My mum and I both agreed that reading the sections in the opposite order would probably have been extremely confusing, so I wonder how successful the conceit of two equal, non-ordered sections really is. (No point in trying to re-read them in the opposite order, of course, now my ignorance has been destroyed.) I also think one section is more emotionally involving than the other, although the other section makes up for this in the way it analyses creative and artistic processes. But there are some wonderful passages in both -- funny, defamiliarising, shocking and thoughtful by turns.

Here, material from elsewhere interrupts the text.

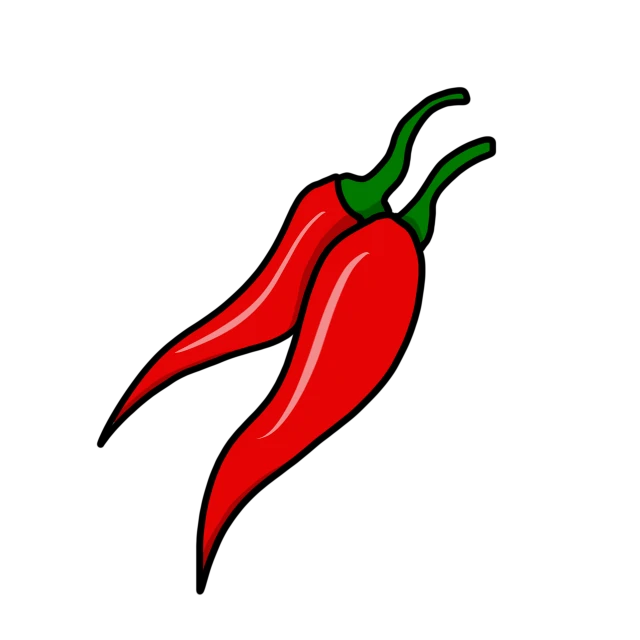 two red chili peppers on a black background, vector art, vectorized logo style, fan art, wide shot photo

Her favourite issues -- art, gender, sexuality -- come up again, though in pleasingly new and ambiguous ways, and there are some others too: the ubiquity of pornography; bereavement and memory; sibling relationships; and so on. 

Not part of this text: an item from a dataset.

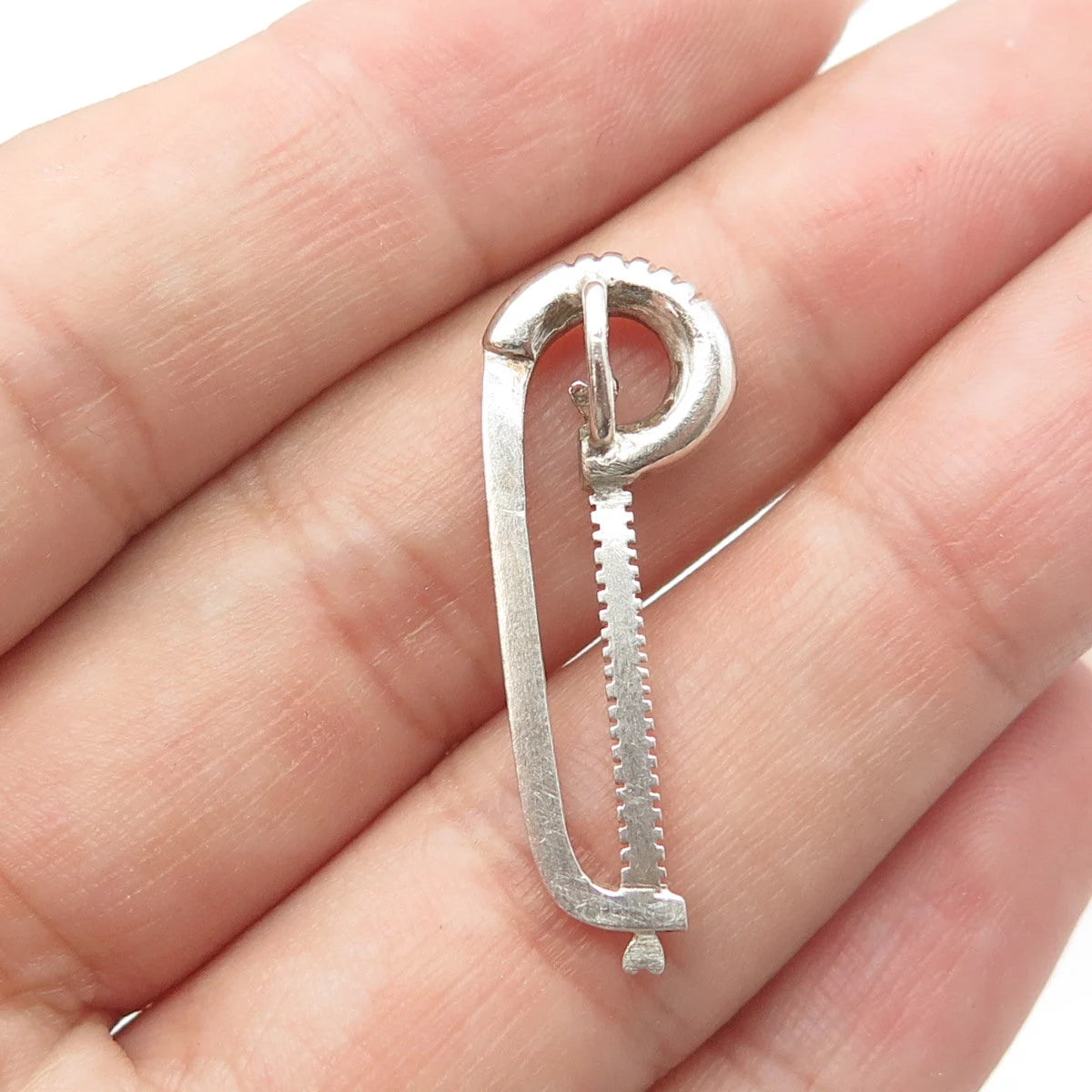 925 Sterling Silver Vintage Modernist Saw Slide Pendant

The prose is not always easy; indeed, sometimes it's not always prose. Read it slowly, sure, but read it all the same.

Muriel Spark, The Driver's Seat

Although Penguin cheekily charge £8.99 for this book, it's really a novella rather than a novel, padded out to just over 100 pages by an elegantly large font (not that I was protesting -- my eyes slid through the prose with grateful ease). A woman, Lise, leaves the office to go on holiday, meets a couple of people on the plane, arrives in a 'southern' city where there seem to be a lot of Fiats, befriends an old woman at the hotel who's waiting for her nephew, insists she's searching for her 'boy-friend', assesses who is and isn't her 'type', and eventually reaches a sticky end.

This isn't a spoiler: you're told this very early on. Spark shifts the question from 'What will happen?' to 'Who will do it?' and 'Why?' and, most often, 'Is this woman a complete lunatic?' It's told in a third-person impersonal narrator, in the present tense, as if we're a camera following Lise about, semi-analysing her movements at times, but mostly just watching. We've no idea what she's thinking. Details at the beginning gain their relevance by the end, so she clearly has some kind of plan, but not a rational or sane one. It's disorientating, frustrating, and fascinating. As John Lanchester's introduction points out, we can tell easily enough that she's mad, but then what? It doesn't seem to help us much.

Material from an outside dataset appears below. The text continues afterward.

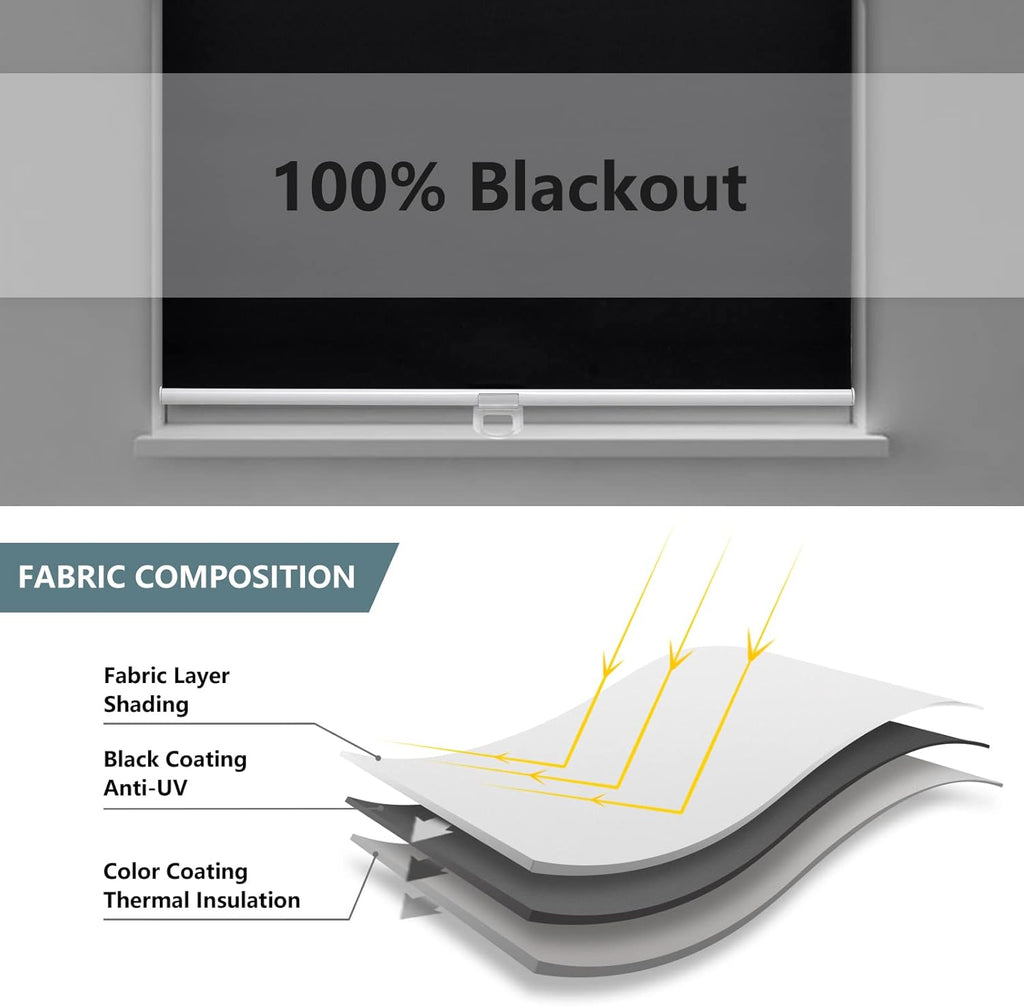 Blackout Cordless Roller Shade for Indoor Windows, Black | Black Out Window Shade with Spring System, Thermal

Coincidentally, this week I've been reading about 'poetics of indeterminacy' -- specifically with reference to Rimbaud and John Ashbery, but pretty useful generally -- the idea that a text has no internal coherence, wants to be suggestive rather than cohesive, resists interpretation and simply enjoys its own play. As with Rimbaud and Ashbery poems, individual sentences of The Driver's Seat, or paragraphs, or even whole scenes, seem to make sense, but are almost immediately cancelled out by the next thing. Details that seem to have great symbolic significance, like whether her mouth is closed or open, appear not to resolve into an overall pattern. It's great fun trying to puzzle out what she's planning, whether she cares, what's in her head, and there's a certain amount of pleasure in the knowledge that you probably won't find out. 

For readers who don't like this so much, there are some exceptionally beautiful and comic descriptions -- for instance:
She switches on the central light which is encased in a mottled glass globe; the light flicks on, then immediately flickers out as if, having served a long succession of clients without complaint, Lise is suddenly too much for it.
And, at a brief 106 pages, there's almost no excuse not to read it. I pretty much polished this off in an evening and was left bewildered and excited by it. Highly recommended.